The “Quest” is ultimately for the “Elixir of Immortality,” says Joseph Campbell in The Hero with a Thousand Faces. Every quest is based upon our individual and collective subconscious memories of a heavenly state where life is peaceful, harmonious and, the best part, immortal. No one dies in heaven. No one even gets sick or suffers in heaven. No one is poor or hungry or has to pay rent in heaven. No one is lonely or depressed or even sad. Sounds like the kind of place anyone would want to live. Well, we all did at one time.
Heaven is from whence we came and to which we long to return — and shall. Yes, even though we fight, strive and pay big bucks to the medical establishments and health food stores to stave off the inevitable end of our quest, we long for heaven. We just don’t wanna die to get there. Hmm. Maybe we don’t have to.

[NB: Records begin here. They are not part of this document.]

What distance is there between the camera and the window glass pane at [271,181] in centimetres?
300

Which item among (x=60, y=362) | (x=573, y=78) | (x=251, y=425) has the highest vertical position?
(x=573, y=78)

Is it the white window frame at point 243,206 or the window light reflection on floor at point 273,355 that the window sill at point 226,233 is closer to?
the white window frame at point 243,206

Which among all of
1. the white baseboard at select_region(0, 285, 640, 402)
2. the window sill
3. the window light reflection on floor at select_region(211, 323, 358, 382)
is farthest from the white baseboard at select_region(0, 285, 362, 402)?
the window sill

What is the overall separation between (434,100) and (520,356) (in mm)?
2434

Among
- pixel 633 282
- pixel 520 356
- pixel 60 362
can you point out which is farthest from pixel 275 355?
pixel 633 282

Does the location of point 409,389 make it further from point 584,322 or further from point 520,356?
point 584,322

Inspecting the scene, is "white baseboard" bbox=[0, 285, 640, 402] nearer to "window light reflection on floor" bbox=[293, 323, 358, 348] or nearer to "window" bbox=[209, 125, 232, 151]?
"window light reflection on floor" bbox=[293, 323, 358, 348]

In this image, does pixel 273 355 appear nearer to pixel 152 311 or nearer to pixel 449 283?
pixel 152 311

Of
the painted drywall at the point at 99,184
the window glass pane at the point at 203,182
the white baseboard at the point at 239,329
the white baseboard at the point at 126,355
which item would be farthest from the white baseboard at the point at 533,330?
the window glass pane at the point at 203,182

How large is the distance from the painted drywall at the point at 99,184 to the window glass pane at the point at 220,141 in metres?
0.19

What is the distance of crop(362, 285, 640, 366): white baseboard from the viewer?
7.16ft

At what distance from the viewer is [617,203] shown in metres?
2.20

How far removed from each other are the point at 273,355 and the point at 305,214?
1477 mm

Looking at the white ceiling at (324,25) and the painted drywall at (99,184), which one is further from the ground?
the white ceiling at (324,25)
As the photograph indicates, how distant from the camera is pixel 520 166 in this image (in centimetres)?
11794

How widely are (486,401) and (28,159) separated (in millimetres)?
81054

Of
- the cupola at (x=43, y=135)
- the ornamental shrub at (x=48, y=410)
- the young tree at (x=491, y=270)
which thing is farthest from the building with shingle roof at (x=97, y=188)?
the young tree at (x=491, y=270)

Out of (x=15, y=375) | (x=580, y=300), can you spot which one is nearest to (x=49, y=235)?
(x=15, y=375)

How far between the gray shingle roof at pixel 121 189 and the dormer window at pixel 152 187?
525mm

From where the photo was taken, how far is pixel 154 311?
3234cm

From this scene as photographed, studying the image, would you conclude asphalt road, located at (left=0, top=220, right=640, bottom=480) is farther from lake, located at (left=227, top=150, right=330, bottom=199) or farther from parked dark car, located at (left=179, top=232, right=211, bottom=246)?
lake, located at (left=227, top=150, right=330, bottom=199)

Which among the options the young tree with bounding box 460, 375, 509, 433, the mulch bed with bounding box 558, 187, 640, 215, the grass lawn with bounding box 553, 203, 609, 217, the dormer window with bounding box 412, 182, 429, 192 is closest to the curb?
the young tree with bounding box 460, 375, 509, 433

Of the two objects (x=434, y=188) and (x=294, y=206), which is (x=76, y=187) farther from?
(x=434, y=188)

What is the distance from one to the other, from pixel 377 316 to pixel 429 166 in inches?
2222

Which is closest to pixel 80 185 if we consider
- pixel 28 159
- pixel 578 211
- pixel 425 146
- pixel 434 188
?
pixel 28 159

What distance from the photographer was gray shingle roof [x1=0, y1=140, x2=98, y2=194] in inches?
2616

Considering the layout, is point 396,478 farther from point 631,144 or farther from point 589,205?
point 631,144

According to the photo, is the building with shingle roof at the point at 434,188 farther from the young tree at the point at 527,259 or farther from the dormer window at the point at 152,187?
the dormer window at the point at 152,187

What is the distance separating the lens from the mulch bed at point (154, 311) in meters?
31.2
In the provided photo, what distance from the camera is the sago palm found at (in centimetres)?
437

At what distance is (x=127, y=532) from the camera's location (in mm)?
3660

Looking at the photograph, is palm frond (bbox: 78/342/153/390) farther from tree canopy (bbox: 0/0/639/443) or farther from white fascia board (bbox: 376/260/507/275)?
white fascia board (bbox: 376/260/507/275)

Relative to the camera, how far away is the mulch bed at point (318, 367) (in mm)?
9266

Heaven is said to be right here now. We just need to turn around and see it, as The Teacher instructed. He was in heaven standing on the ground when he said “I go to prepare a place for you, so that where I am ye may be also.” He didn’t say where I will be after I ascend, but “where I am” now. He was enjoying a state of consciousness that allowed him to be in heaven on earth right in the midst of a very troubled world.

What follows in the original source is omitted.